Exactly as written, copy every line from the one containing "Fahrzeugabbildung BMW iX1" through the end of the records, with the pictures left out.

(Beginning of EXERCISE MATERIALS)

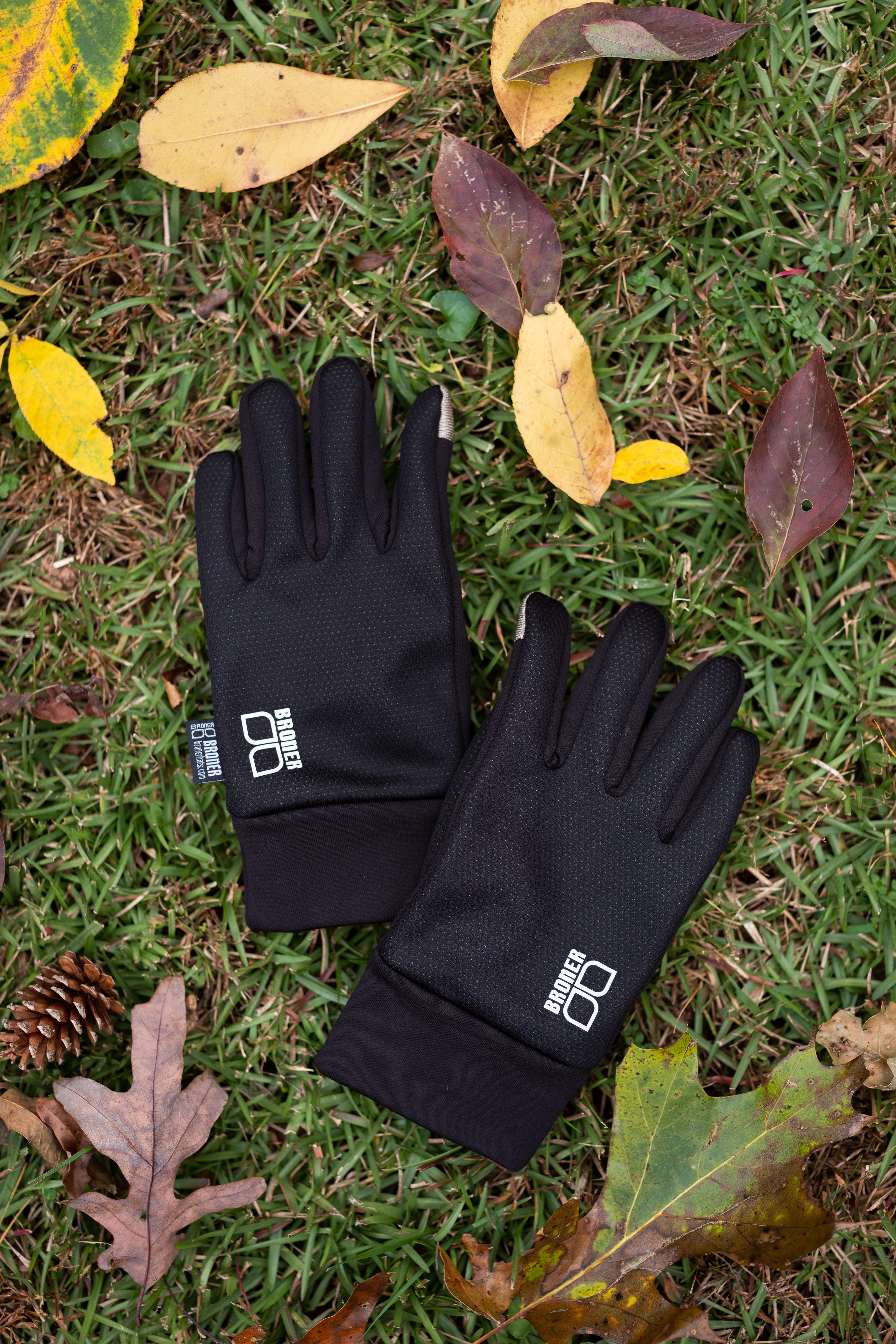 4 Warm Touch Black Gloves at reddress.com
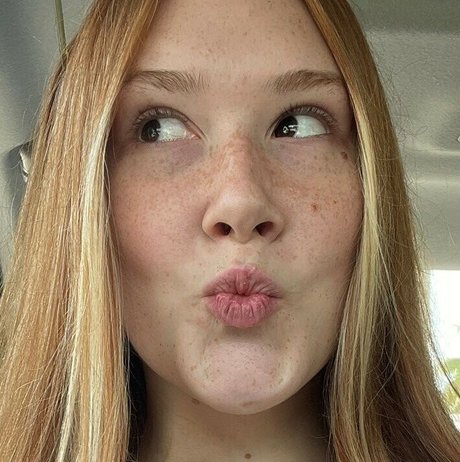 Harper Red nacktheit akt archiv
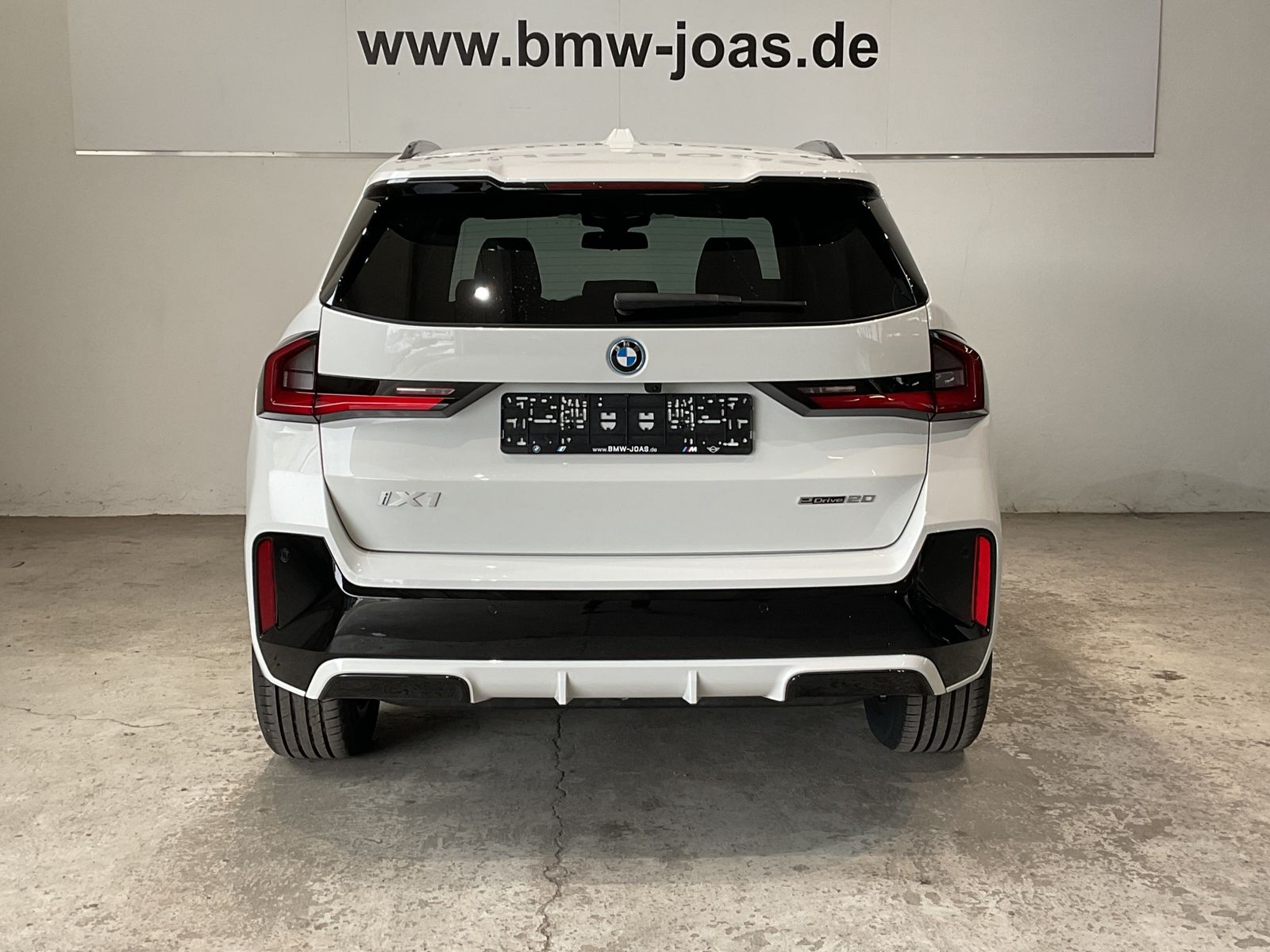 Fahrzeugabbildung BMW iX1 eDrive20 Komfortzugang, Head-Up-Display, AHK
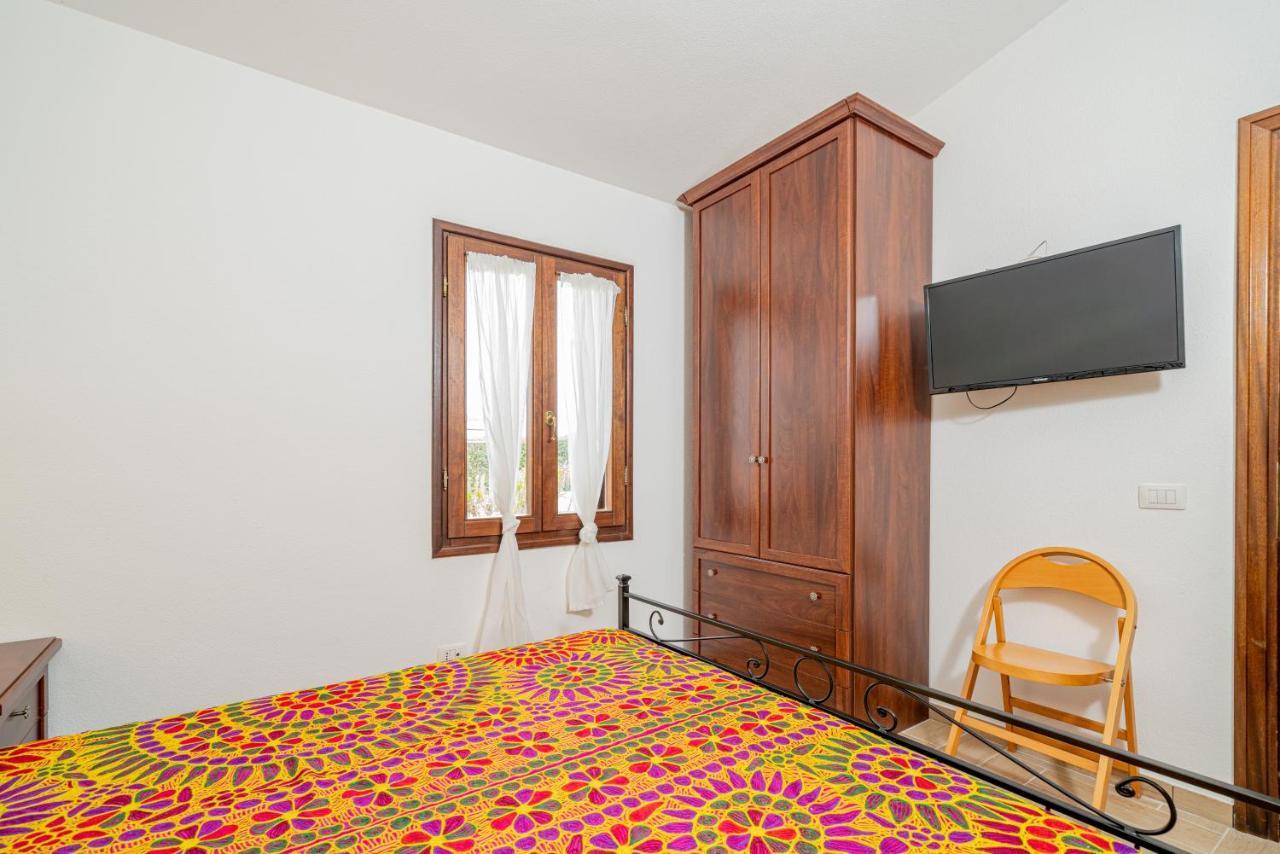 Appartamento Trilocale Le Canne 4 Posti Letto Con Giardino E Posto Auto Privato 산테오도로 외부 사진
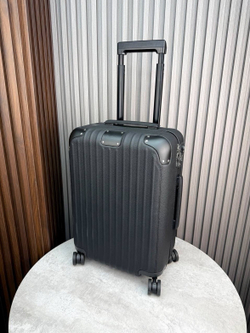 Дорожный чемодан Rimowa Distinct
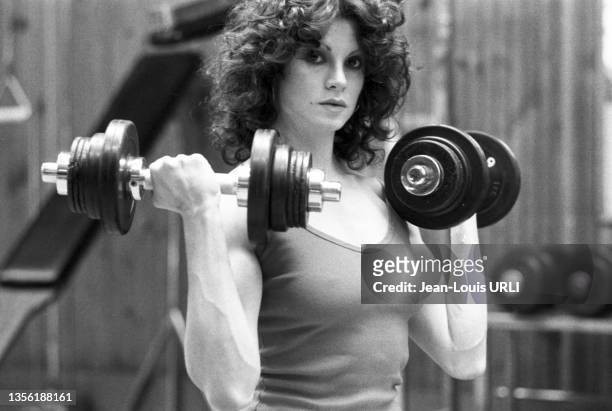 Lisa Lyon, bodybuildeuse américaine, à Paris le 30 avril 1980, France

(End of EXERCISE MATERIALS)

PROBLEM SOLUTION -
 Fahrzeugabbildung BMW iX1 eDrive20 Komfortzugang, Head-Up-Display, AHK
 Appartamento Trilocale Le Canne 4 Posti Letto Con Giardino E Posto Auto Privato 산테오도로 외부 사진
 Дорожный чемодан Rimowa Distinct
 Lisa Lyon, bodybuildeuse américaine, à Paris le 30 avril 1980, France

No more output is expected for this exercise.